*Work instruction*: I would like the records restated word for word, without the pictures.

BEGIN Material supplied

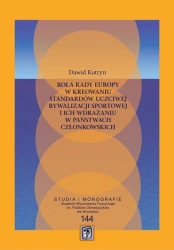 eBook Rola Rady Europy w kreowaniu standardów uczciwej rywalizacji sportowej i ich wdrażaniu w państwach członkowskich - Dawid Kutryn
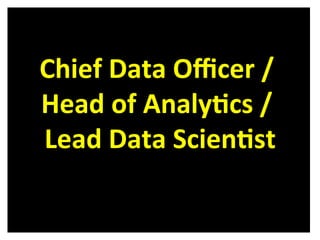 Chief	
  Data	
  Oﬃcer	
  /	
  	
  
Head	
  of	
  Analy6cs	
  /	
  	
  
Lead	
  Data	
  Scien6st	
  
 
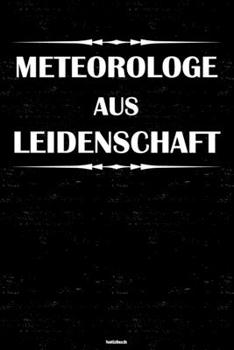 Meteorologe aus Leidenschaft Notizbuch: Meteorologe Journal DIN A5 liniert 120 Seiten Geschenk (German Edition)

END Material supplied

*Expected output*:
 eBook Rola Rady Europy w kreowaniu standardów uczciwej rywalizacji sportowej i ich wdrażaniu w państwach członkowskich - Dawid Kutryn
 Chief	
  Data	
  Oﬃcer	
  /	
  	
  
Head	
  of	
  Analy6cs	
  /	
  	
  
Lead	
  Data	
  Scien6st	
  
 
 Meteorologe aus Leidenschaft Notizbuch: Meteorologe Journal DIN A5 liniert 120 Seiten Geschenk (German Edition)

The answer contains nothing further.